MATERIAL SHOWN:
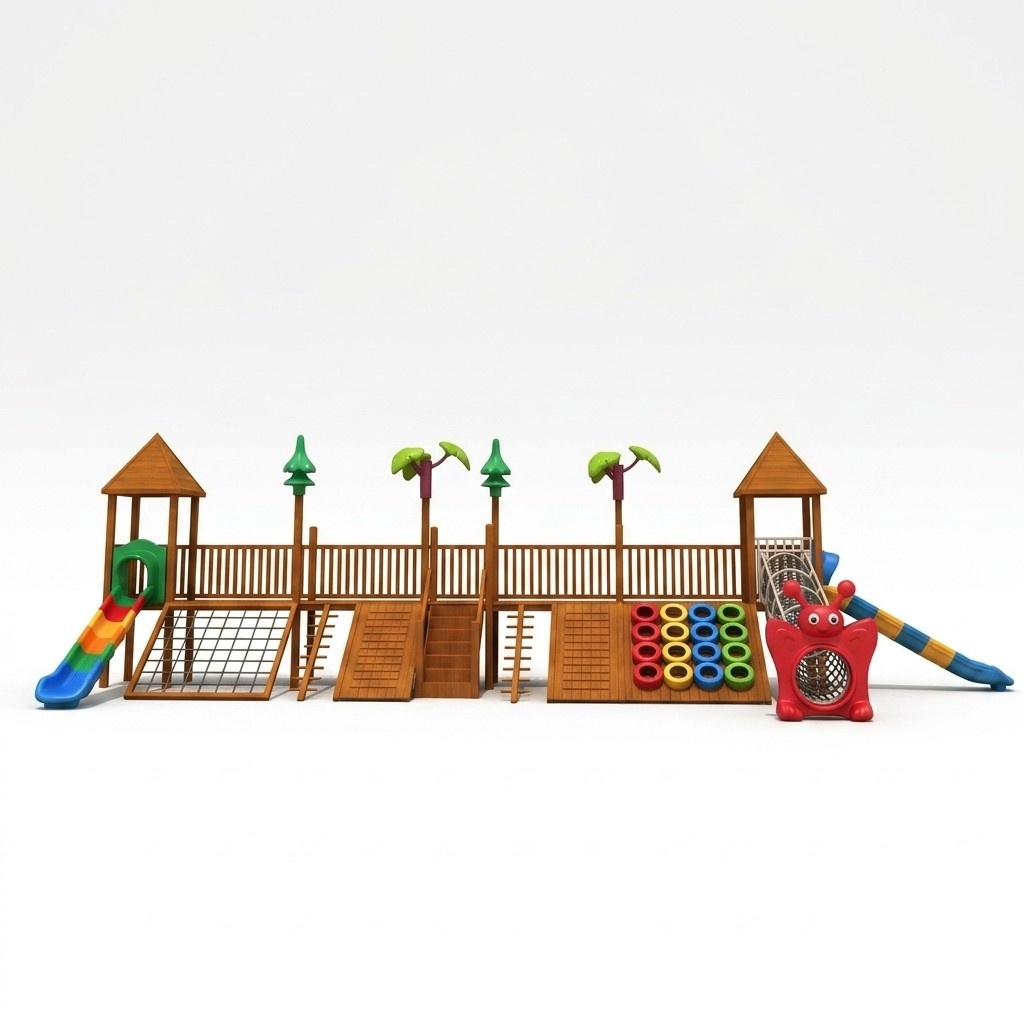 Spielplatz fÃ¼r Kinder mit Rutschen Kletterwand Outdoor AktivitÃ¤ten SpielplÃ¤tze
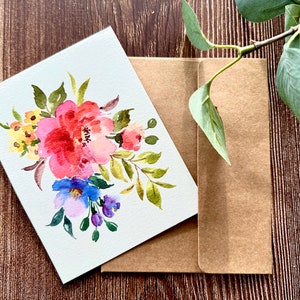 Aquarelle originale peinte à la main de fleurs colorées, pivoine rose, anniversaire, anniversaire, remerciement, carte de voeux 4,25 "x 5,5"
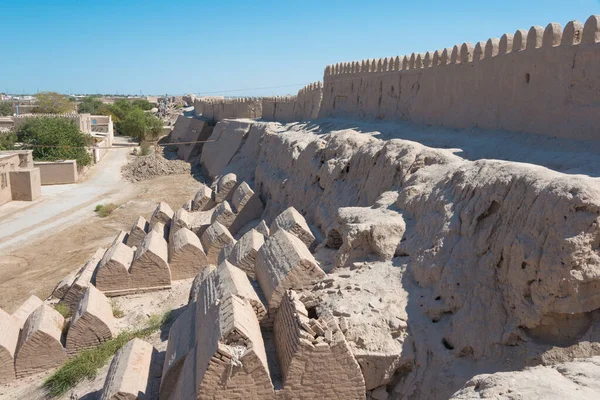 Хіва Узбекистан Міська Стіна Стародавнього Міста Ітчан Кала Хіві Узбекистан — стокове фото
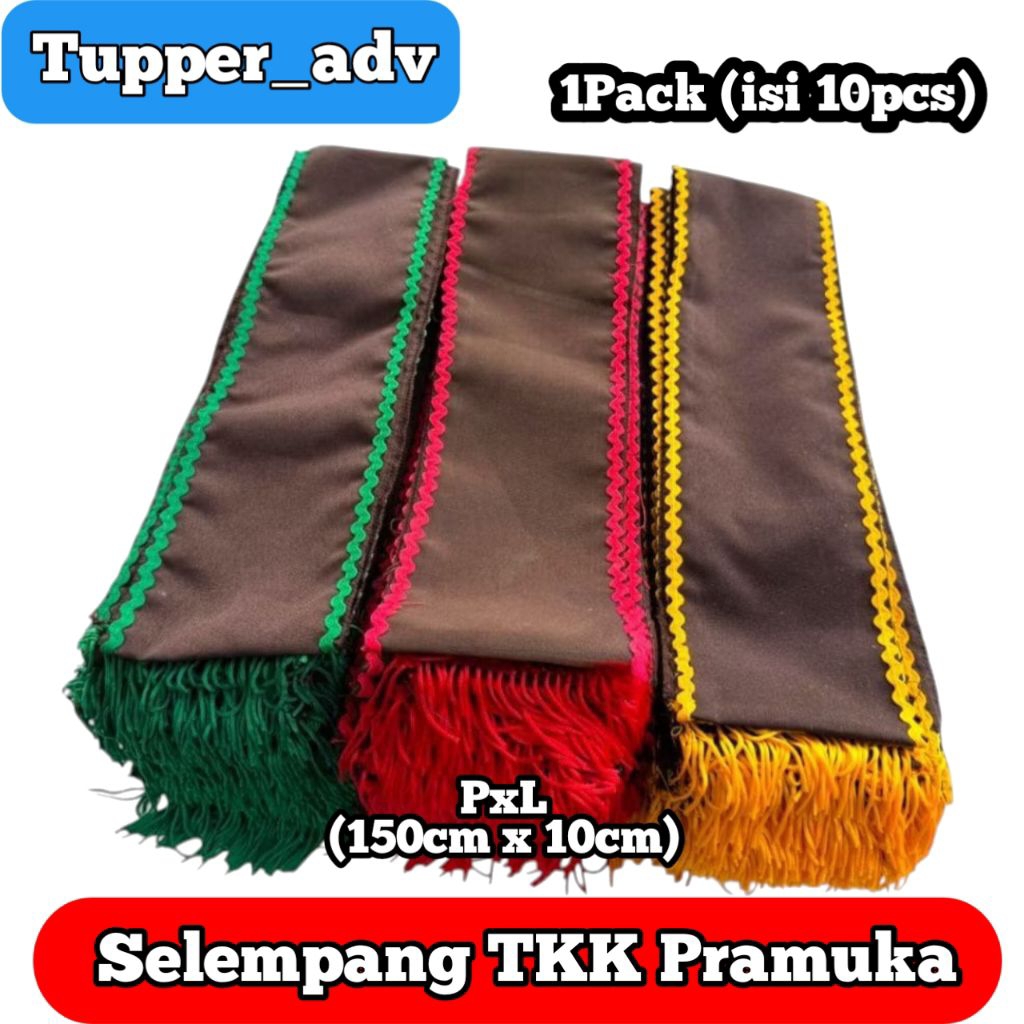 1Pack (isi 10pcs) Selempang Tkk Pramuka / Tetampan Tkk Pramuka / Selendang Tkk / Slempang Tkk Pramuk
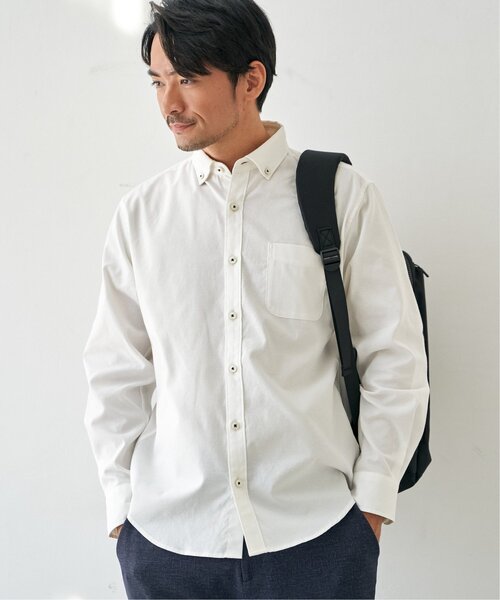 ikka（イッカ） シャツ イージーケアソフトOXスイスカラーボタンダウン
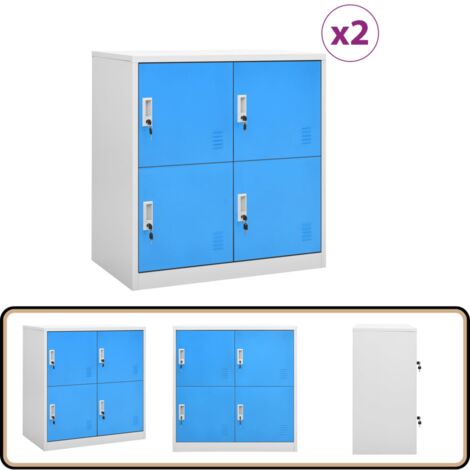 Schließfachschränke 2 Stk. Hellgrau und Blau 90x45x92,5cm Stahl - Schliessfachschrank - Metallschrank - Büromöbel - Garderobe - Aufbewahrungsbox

WORK TASK: Your copy should hold exactly and only the lines from the one containing "ikka（イッカ） シャツ イージーケアソフトOXスイスカラーボタンダウン" through the end of the material, inclusive, repeated word for word and without pictures.

RESPONSE AREA:
 ikka（イッカ） シャツ イージーケアソフトOXスイスカラーボタンダウン
 Schließfachschränke 2 Stk. Hellgrau und Blau 90x45x92,5cm Stahl - Schliessfachschrank - Metallschrank - Büromöbel - Garderobe - Aufbewahrungsbox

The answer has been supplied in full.